Task prompt:
The listing is to be repeated exactly, and its pictures are to be left out.
== Exercise inputs ==
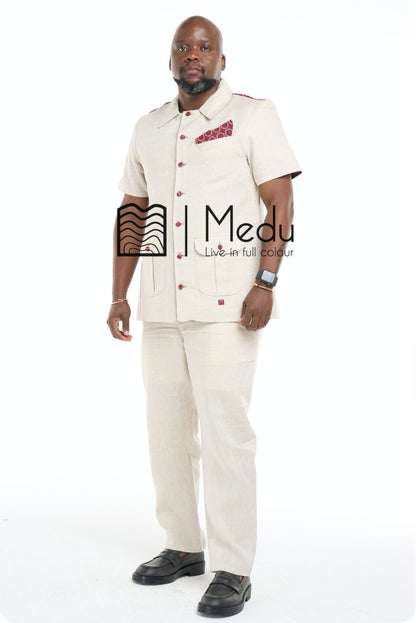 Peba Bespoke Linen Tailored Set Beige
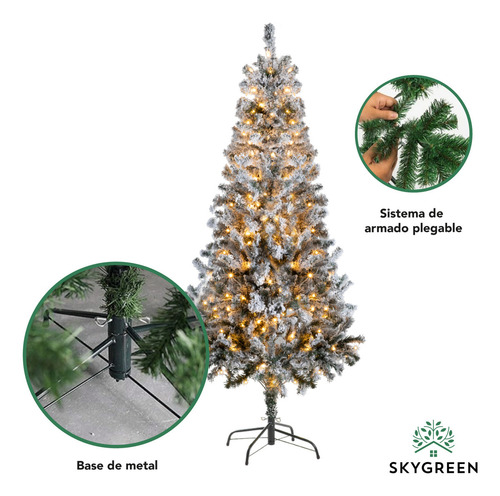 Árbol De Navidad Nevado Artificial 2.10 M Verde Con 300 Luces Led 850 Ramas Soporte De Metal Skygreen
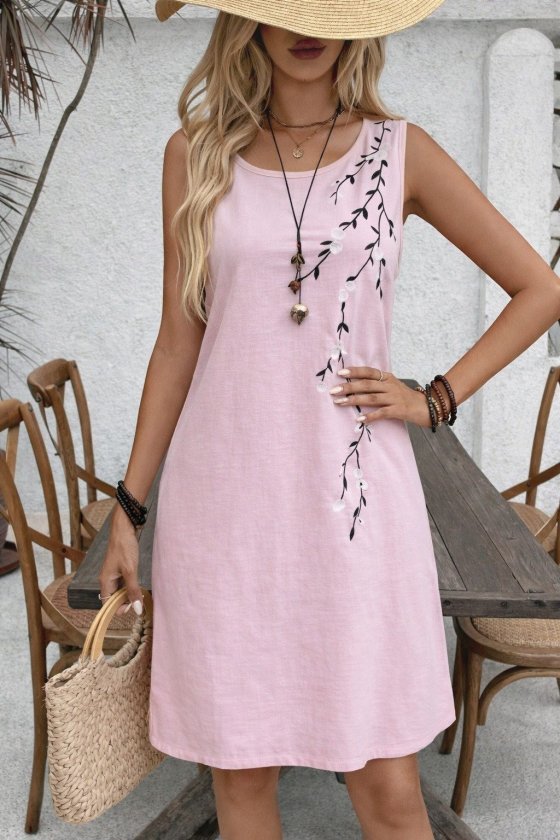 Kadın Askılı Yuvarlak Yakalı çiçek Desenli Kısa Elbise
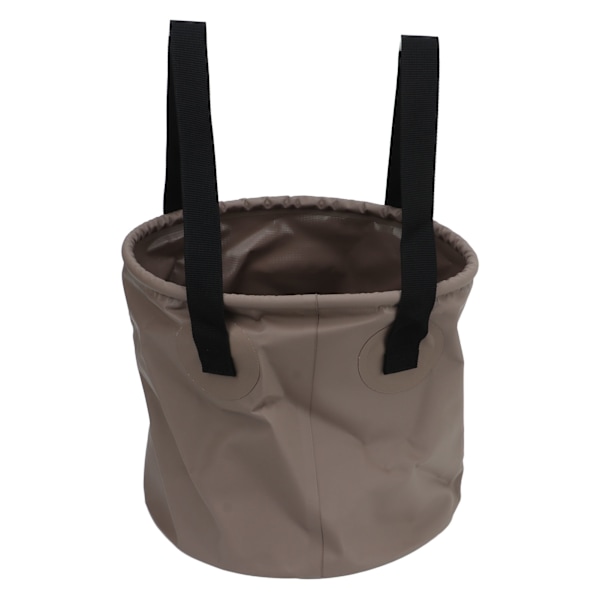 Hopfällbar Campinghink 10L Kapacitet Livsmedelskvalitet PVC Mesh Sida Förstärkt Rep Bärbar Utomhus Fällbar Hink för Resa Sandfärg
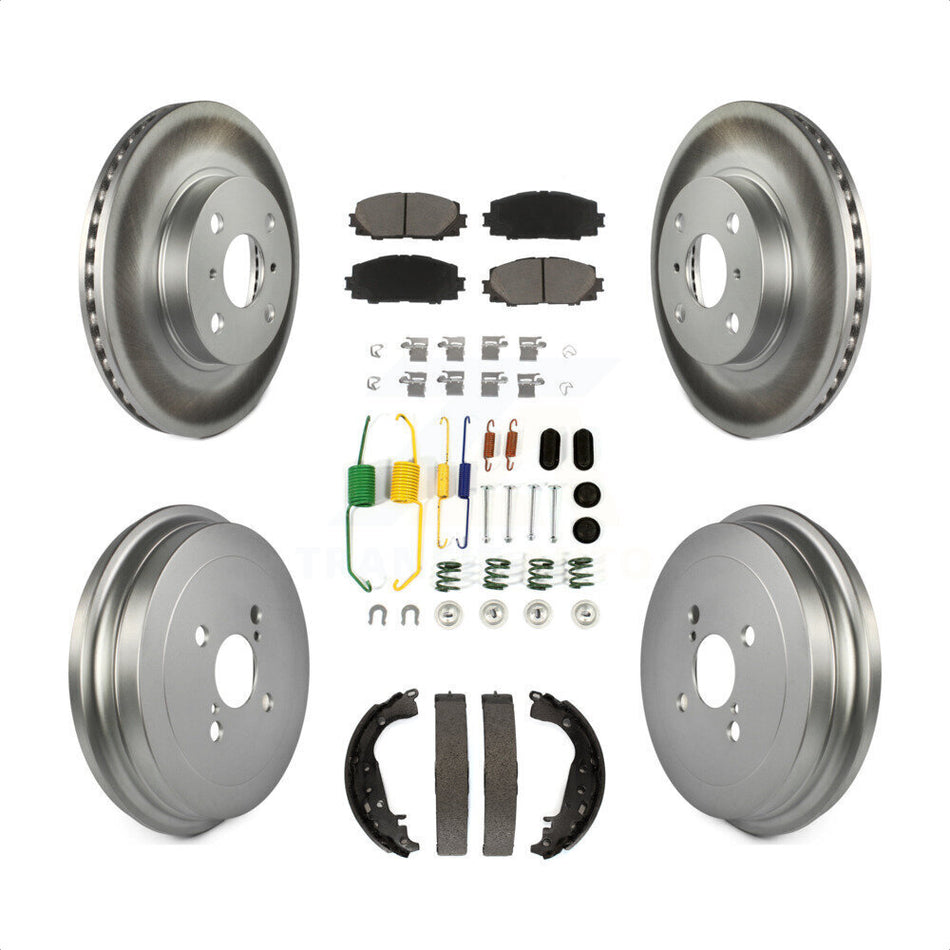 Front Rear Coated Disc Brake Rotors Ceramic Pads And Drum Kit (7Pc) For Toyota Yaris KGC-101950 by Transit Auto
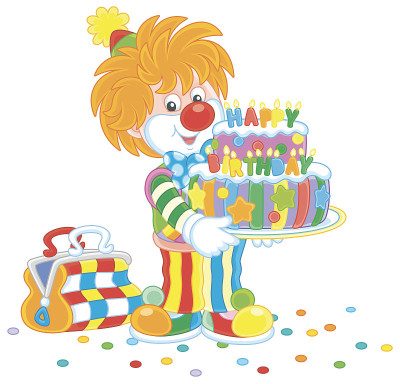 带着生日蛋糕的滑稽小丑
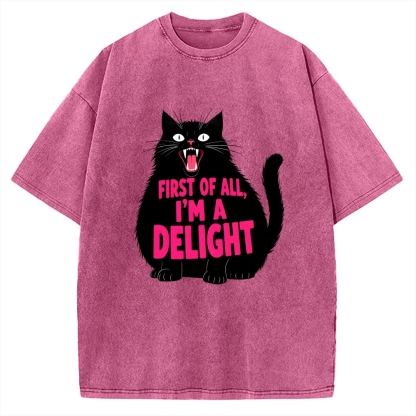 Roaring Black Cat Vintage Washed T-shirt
===
Response:
 Peba Bespoke Linen Tailored Set Beige
 Árbol De Navidad Nevado Artificial 2.10 M Verde Con 300 Luces Led 850 Ramas Soporte De Metal Skygreen
 Kadın Askılı Yuvarlak Yakalı çiçek Desenli Kısa Elbise
 Hopfällbar Campinghink 10L Kapacitet Livsmedelskvalitet PVC Mesh Sida Förstärkt Rep Bärbar Utomhus Fällbar Hink för Resa Sandfärg
 Front Rear Coated Disc Brake Rotors Ceramic Pads And Drum Kit (7Pc) For Toyota Yaris KGC-101950 by Transit Auto
 带着生日蛋糕的滑稽小丑
 Roaring Black Cat Vintage Washed T-shirt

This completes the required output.